Requirement — Give exactly the lines from the one with "Crítica de ‘Wasteman’: David" through the final line of the listing below, both included, leaving out any pictures.

[[ Material provided open ]]

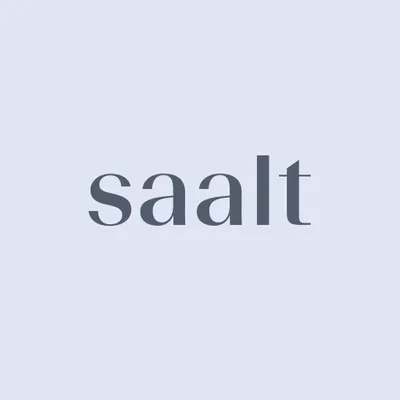 saalt.com's icon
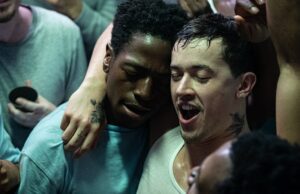 Crítica de ‘Wasteman’: David Jonsson e Tom Blyth adicionam personagem a um drama de prisão forte, mas familiar Crítica de 'Wasteman': David Jonsson e Tom Blyth adicionam personagem a um drama de prisão forte, mas familiar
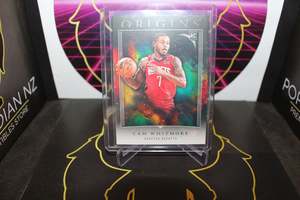 Nba Trading Cards: NBA - Cam Whitmore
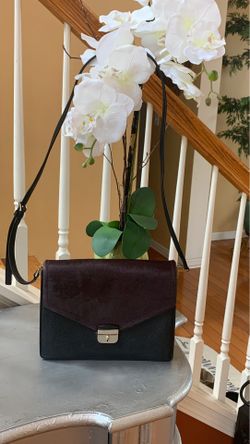 NWT.Kate Spade Sayra Hyde, leather crossbody bag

[[ Material provided closed ]]

Output for this exercise —
 Crítica de ‘Wasteman’: David Jonsson e Tom Blyth adicionam personagem a um drama de prisão forte, mas familiar Crítica de 'Wasteman': David Jonsson e Tom Blyth adicionam personagem a um drama de prisão forte, mas familiar
 Nba Trading Cards: NBA - Cam Whitmore
 NWT.Kate Spade Sayra Hyde, leather crossbody bag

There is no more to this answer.